Book two is The History of Aircraft Nose Art: WWI to Today by Jeffrey L. Ethell and Clarence Simonsen (1991). I didn’t want to be an archaeologist when I was growing up, I wanted to be a fighter pilot in my Royal Air Force English Electric Lightning. However, changes in my ideology and the fact they retired them just before my 16th birthday put paid to that dream. The nose art on aircraft ranges from the sublime to the ridiculous and from the crew in joke to sweeping statements of intent against the enemy. It catalogues how a certain class of men feel about their situation and how they can make the best of it. If you want some idea of just how brutal life could be, the poem ‘The Death of the Ball Turret Gunner’ written by Randall Jarrell in 1945 encapsulates it:

From my mother’s sleep I fell into the State,
And I hunched in its belly till my wet fur froze.
Six miles from earth, loosed from its dream of life,
I woke to black flak and the nightmare fighters.
When I died they washed me out of the turret with a hose.

My paternal grandfather, who served in World War II, saw an identical event happen during his time in the RAF in the Western Desert. Sobering stuff indeed, but it makes the colour, thought and vibrancy of the aircraft nose art all the more important to document.

Book three is Archaeology: A Brief Introduction by Brian Fagan (1991) After leaving school I went to college to study Land and Building Management. Although I enjoyed it, I found myself more and more interested in how buildings stayed up and fell down and the legislation surrounding keeping old buildings from falling down. So, I decided to change tack and went off to a different college to take A levels in Archaeology, History and Law. The Law text book reading list was very straightforward – anyone else have ‘Carlill v Carbolic Smoke Ball Company’ stuck in their head? – and the history was all 19th century orientated, so Corn Laws and politicians getting run over by railway trains. Archaeology however, was a completely different matter. There was no defined reading list, so I read everything! I bought this book and learnt all about antiquarians and cabinets of curiosities and Cultural Resource Management and…well, so many different aspects of what archaeology was. Thanks to my A level tutor Mr Gunning and this book I decided I wanted to work in the heritage industry and went to Bournemouth University to do their ‘Heritage Conservation’ course. I lent my copy of this book to someone years ago, so I don’t have it anymore, but I hope they get as much pleasure out of it as I did.

Book four is Seeing Beneath the Soil: Prospecting Methods in Archaeology by Anthony Clark (1996), Whist I was studying Building and Land Management, a new television programme started on Channel 4. ‘Time Team’ was a must see event in our house in the early years and I was fascinated by the geophysical survey, a machine that could see through the ground! When I got to University I found out that geophysical survey was part of the University excavation project and immediately volunteered to learn how to carry out this type of work.
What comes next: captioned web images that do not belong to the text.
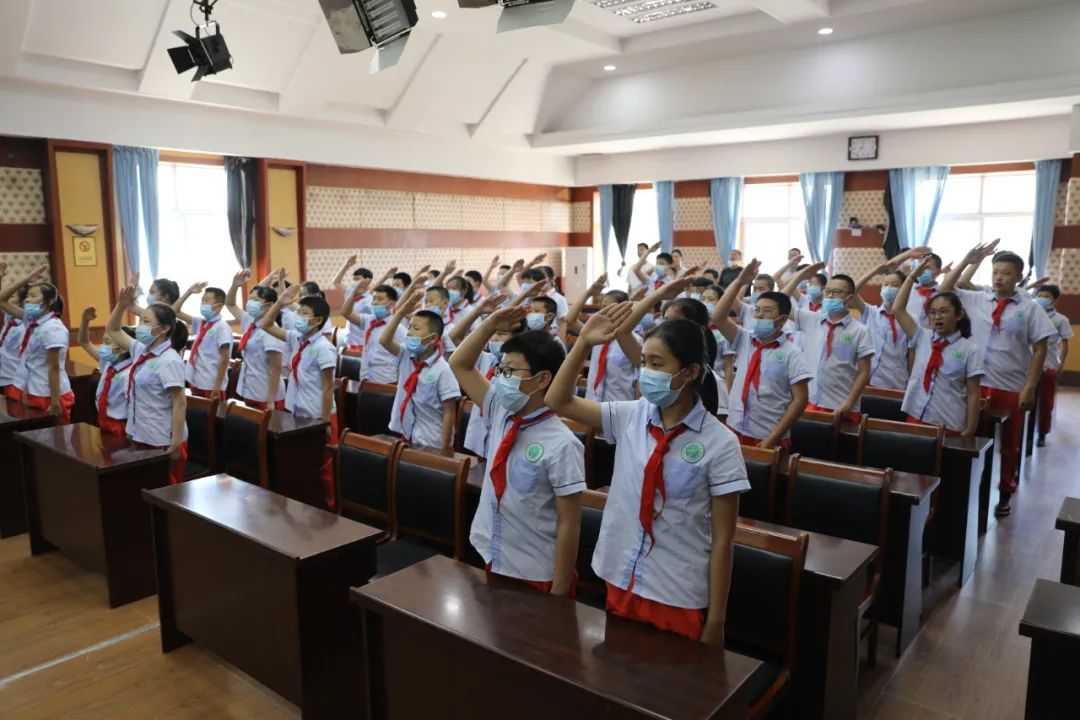 高中有运动会_高中运动会有10000米吗_庄河五高中运动会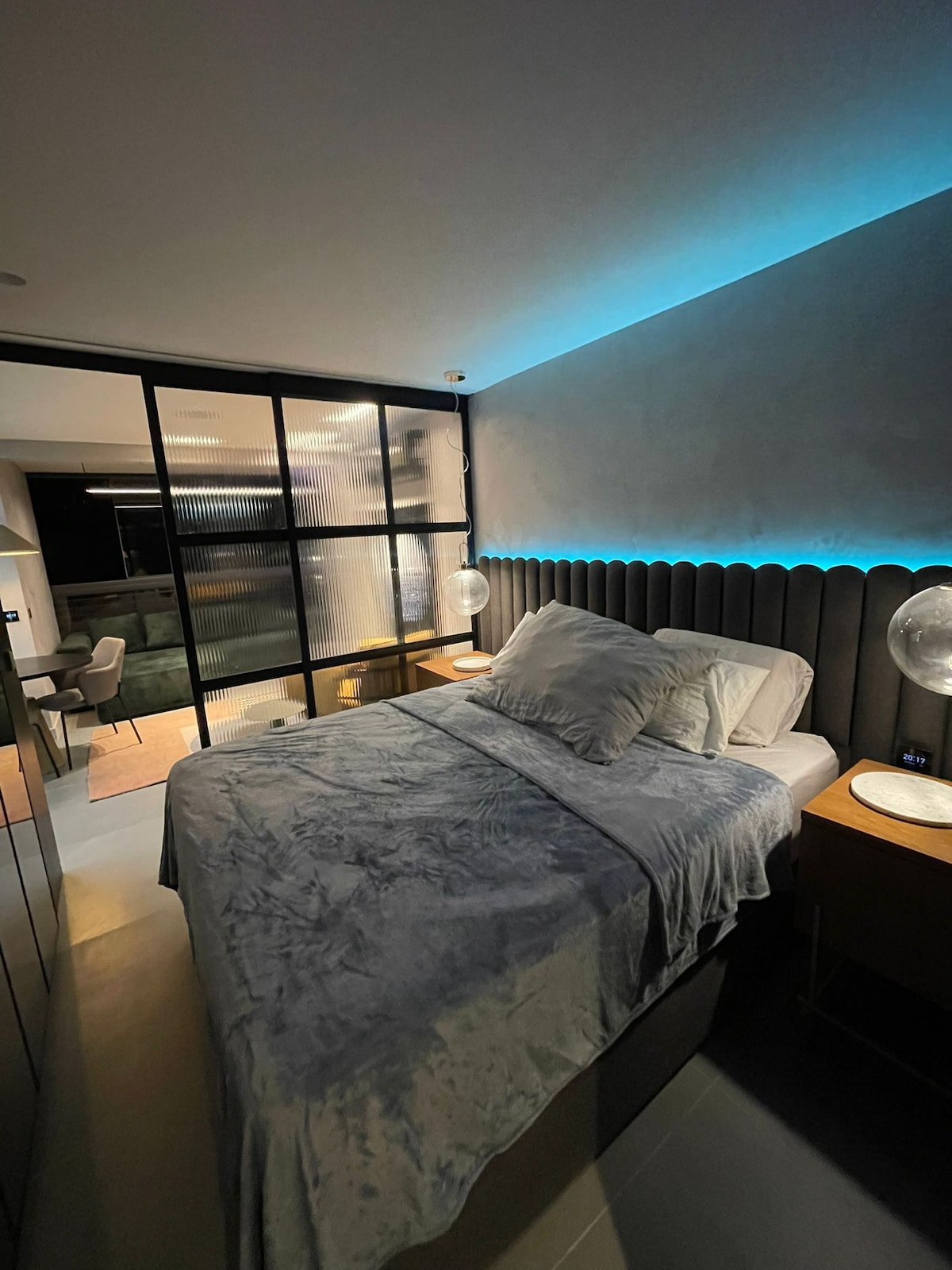 Двокреветна соба со многу удобен брачен кревет (широк 150-179 см). Целосно се изолира од дневната соба кога лизгачките врати и ролетните се затворени. 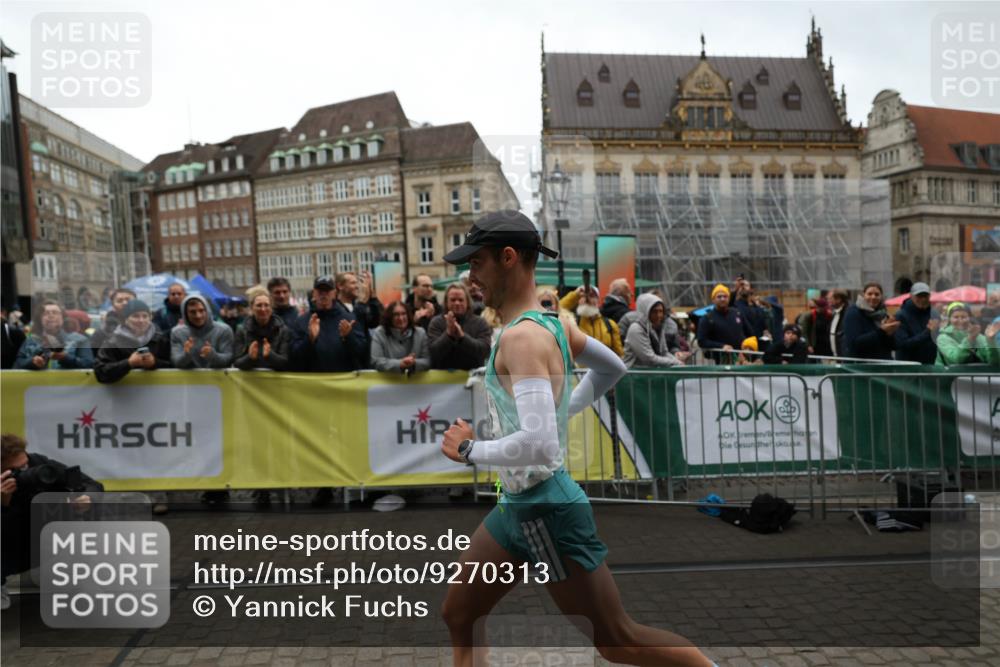 05.10.2025 - 20. swb-Marathon Bremen Yannick Fuchs http://msf.ph/oto/9270313 05.10.2025 12:14:50 Ziel 1122 meine-sportfotos.de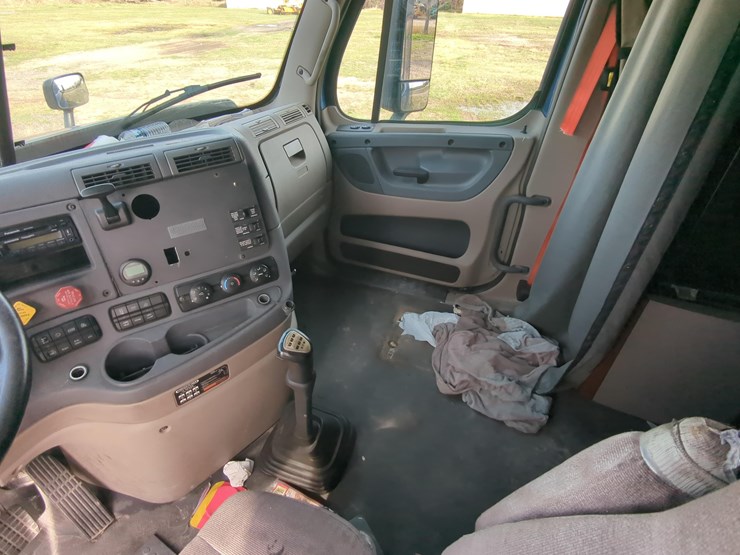 2015-freightliner-cascadia-125-image-14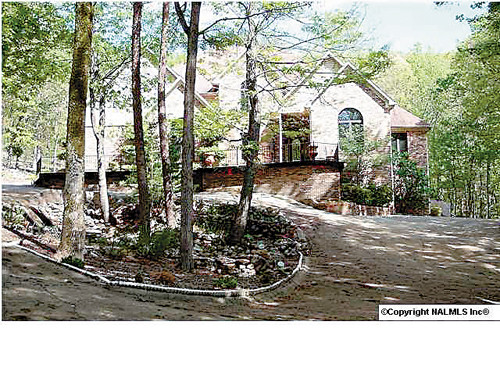 2626 Lancelot Drive, Huntsville, AL 35803 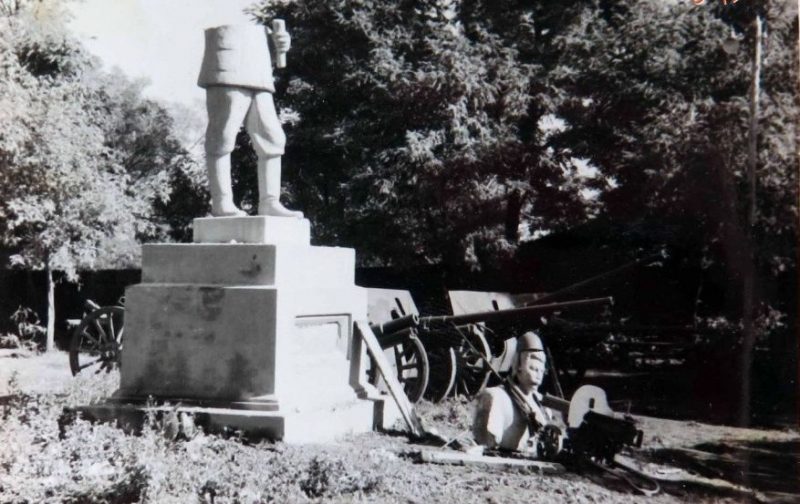 Разрушенный памятник Сталину. Сентябрь 1941 г.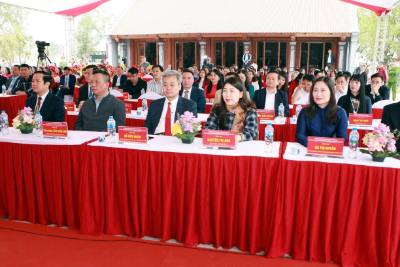 Các đại biểu dự Lễ khánh thành Dự án tu bổ, tôn tạo Khu di tích lịch sử Đại danh y Hải Thượng Lãn Ông Lê Hữu Trác tại thôn Liêu Xá, xã Nguyễn Văn Linh. Ảnh: Nguyễn Công Hải - TTXVN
This let to four summer seasons of surveying my way round the Isle of Man and this in turn influenced my choice of undergraduate dissertation topic. This book is deftly written and helped me understand what I was doing and why I was doing it and how to combine different techniques to give the best results. Again, I no longer have my copy as I gave it to an Undergraduate, but good books have a life of their own, don’t they.

My fifth book is The Revolt of Owain Glyn Dŵr by R. R. Davies (1997). One day in my University bookshop I saw this newly published as a paperback. Having been to a Welsh language primary and secondary schools I knew who Owain Glyn Dŵr was and had some idea of his place in the history of Wales, so I bought it for something to read. By the end of the first chapter I was hooked, not just by the story, but by the beautiful writing of R. R. Davies. I also didn’t understand how in 401 pages there were only one and a half pages about the house – Sycharth – in which he lived and most of what was known was described in a contemporary poem. I was away for all of that summer of 1997, working on two different excavations on the Isle of Man and in the town of Monmouth and also at a ‘Cathedral Camp’ in St. Leonards – teaching conservation skills to Duke of Edinburgh students. That book looks dreadful now, all spine broken and cover creased (something I can’t bear doing to books – I prefer mine pristine and perfect ) but I remember its fresh unbroken condition like it was yesterday and how much I enjoyed reading it as I rode trains and buses and boats from new experience to new experience, both figuratively and literally.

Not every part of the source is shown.